Isn’t true how some great moments are just that?  Great moments.  A second in time that only you understand because you were there and even when you try to retell it to others, you know that they are  not going to appreciate it like you do.  This happened to me on Tuesday.  I will do my best  to retell it but I guarantee being there in the moment was a million times better.
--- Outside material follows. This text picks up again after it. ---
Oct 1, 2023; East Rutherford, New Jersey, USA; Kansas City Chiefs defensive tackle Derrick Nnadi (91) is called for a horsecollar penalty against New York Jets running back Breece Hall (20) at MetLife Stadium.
Lately I’ve started letting Luke walk on his own to and from the car when we are coming and going some where.  He loves the independence, I tell you.  I only allow this in our drive way, don’t worry, he’s not running rampant through parking lots or anything.  This is especially helpful when I’m returning on days I have school because I have a lot to carry.  So on Tuesday it was nice out and actually not raining for a SECOND and I let him lead me up the walk way to our front door.  We had carved our pumpkins last Saturday night, so other than seeing them on Saturday night, he really hadn’t seen them since due to rain, which is so fun and I’m not bitter about at all.  As we approached the front door he sort of slowed down and looked at them…..and proceeded to climb up to the top step/porch and take a closer look.  He bent all the way over so his hands were touching the cement and puts his face right into his pumpkins face and says, “HI!”

This made me giggle and I started to say, it’s not real buddy.  But then I thought, no way.  I love it.  I love the  minds of kids.  And after that he climbed down and stood so that he and his pumpkin were face to face and said hi again and few other things.  Maybe like Happy Halloween or nice smile.

And if I missed my opportunity to get a picture of him with his pumpkin of 2009 because now it’s raining again and looks like it will never stop, I’ll be sad.  But I’ll have that memory tucked away (on my blog).